Stanford's "My Surgical Success" Program

At Stanford, we developed My Surgical Success© as an online, fully automated perioperative psychobehavioral treatment package that delivers targeted treatment for pain catastrophizing. The idea is to treat catastrophizing before the surgery. We are currently conducting pilot studies in multiple adult surgical populations at Stanford to determine its effect on post-surgical outcomes. Our goal is to adapt the intervention for the parents of children undergoing surgery so they can learn more about how to help their children recover from surgical with less distress.

Until brief treatments are fully developed and widely available, health care providers may consider talking to parents about how their psychology and behavior impacts their child—and how it can relate to their child’s surgery. Such information may motivate parents / caregivers to learn more about monitoring their own distress, and learning how to best respond to their child’s distress. It is important for both parents and children to learn about catastrophizing, be able to identify it and stop it; in other words, to “de-catastrophize”.

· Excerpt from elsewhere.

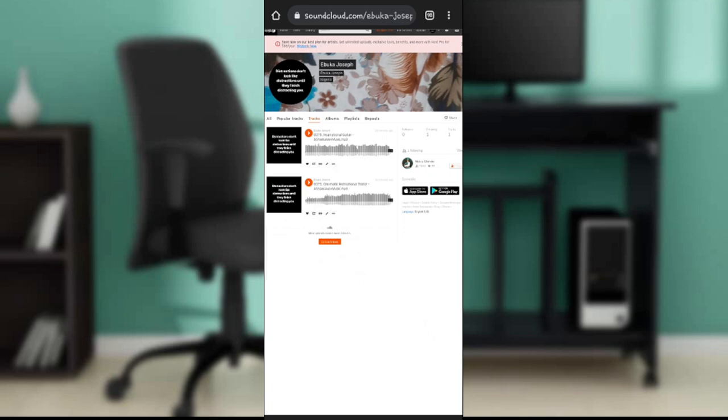Which you're going to find in this particular window. So this is pretty much how you can hide your likes on SoundCloud. Go through this tutorial from top to bottom to get acquainted with the steps, and once you're done, you'll be good to go.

A critical aspect of stopping and preventing catastrophizing is learning and using adaptive coping behaviors because these counter feelings of helplessness—one of the three components of catastrophizing. An important pre-emptive step for parents is to develop a list of things they can do to help their child when their child is in pain or distress. Foremost on that list is controlling their own stress responses so that they model calmness and are able to make decisions that will best help their child--not just in the moment--in the very long run.